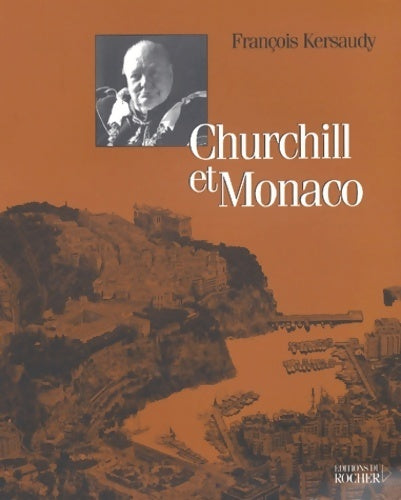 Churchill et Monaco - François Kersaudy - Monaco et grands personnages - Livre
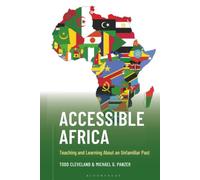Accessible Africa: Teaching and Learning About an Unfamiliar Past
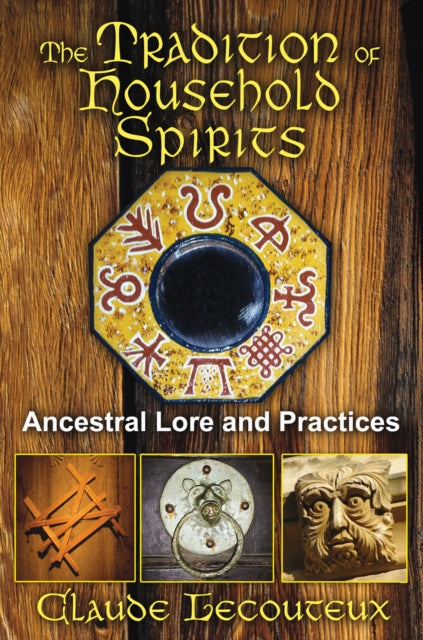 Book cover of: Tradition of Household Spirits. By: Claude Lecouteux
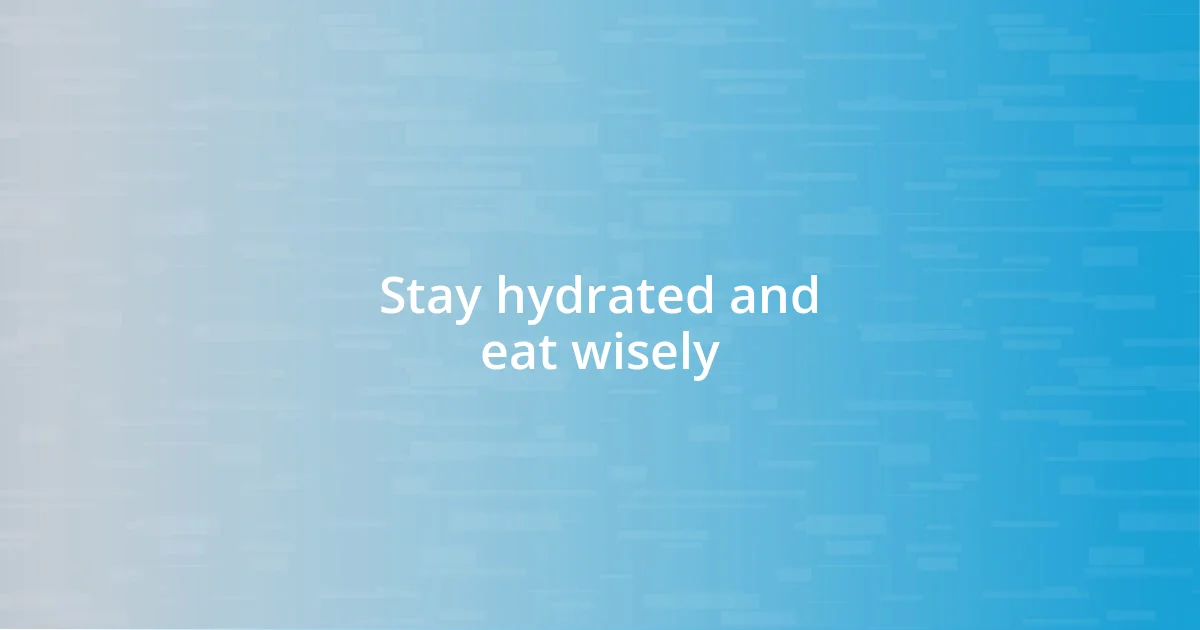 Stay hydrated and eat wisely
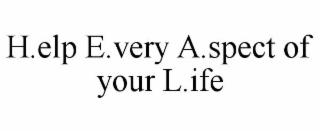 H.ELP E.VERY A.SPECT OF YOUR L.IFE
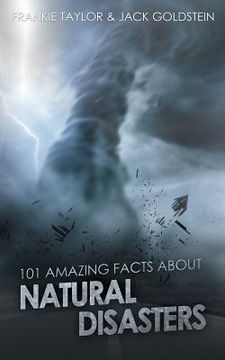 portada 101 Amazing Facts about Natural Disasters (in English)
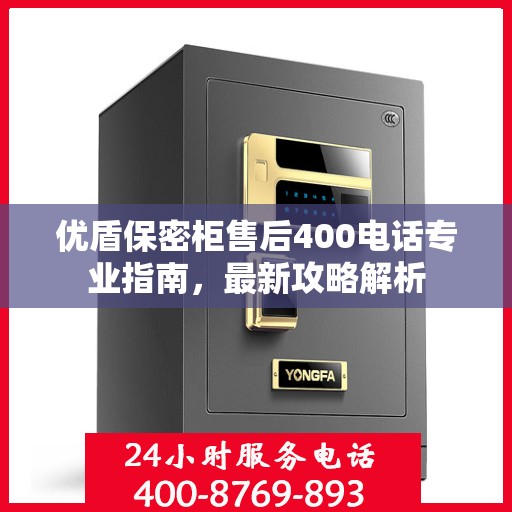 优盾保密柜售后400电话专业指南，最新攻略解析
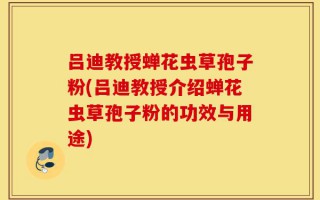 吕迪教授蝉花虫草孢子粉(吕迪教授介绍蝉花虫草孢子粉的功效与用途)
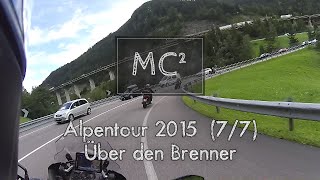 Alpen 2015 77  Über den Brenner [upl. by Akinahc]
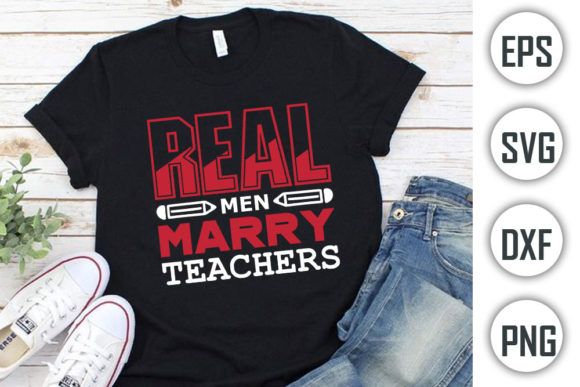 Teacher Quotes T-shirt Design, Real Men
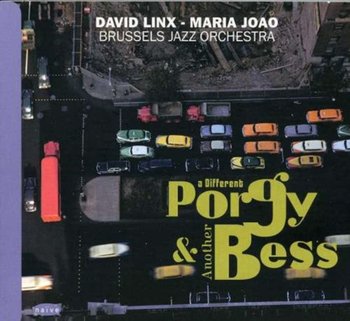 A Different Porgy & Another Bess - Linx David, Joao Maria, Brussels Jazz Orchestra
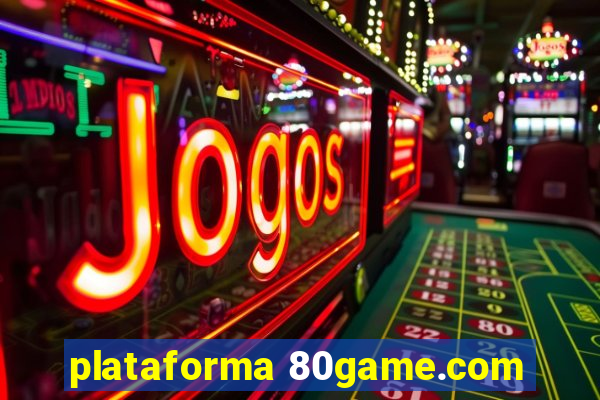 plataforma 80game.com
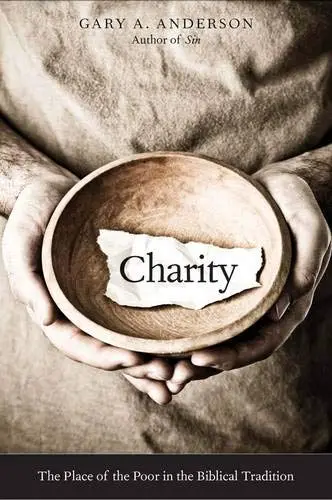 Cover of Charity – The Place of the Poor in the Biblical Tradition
+++++
Instructions for the task: Give the lines again exactly, starting where the entries begin and stopping once the line with "Alpen 2015 77" is included; pictures are not copied.

Reply to the task:
 Churchill et Monaco - François Kersaudy - Monaco et grands personnages - Livre
Accessible Africa: Teaching and Learning About an Unfamiliar Past
 Book cover of: Tradition of Household Spirits. By: Claude Lecouteux
 Stay hydrated and eat wisely
 H.ELP E.VERY A.SPECT OF YOUR L.IFE
 portada 101 Amazing Facts about Natural Disasters (in English)
 优盾保密柜售后400电话专业指南，最新攻略解析
 吕迪教授蝉花虫草孢子粉(吕迪教授介绍蝉花虫草孢子粉的功效与用途)
 Alpen 2015 77  Über den Brenner [upl. by Akinahc]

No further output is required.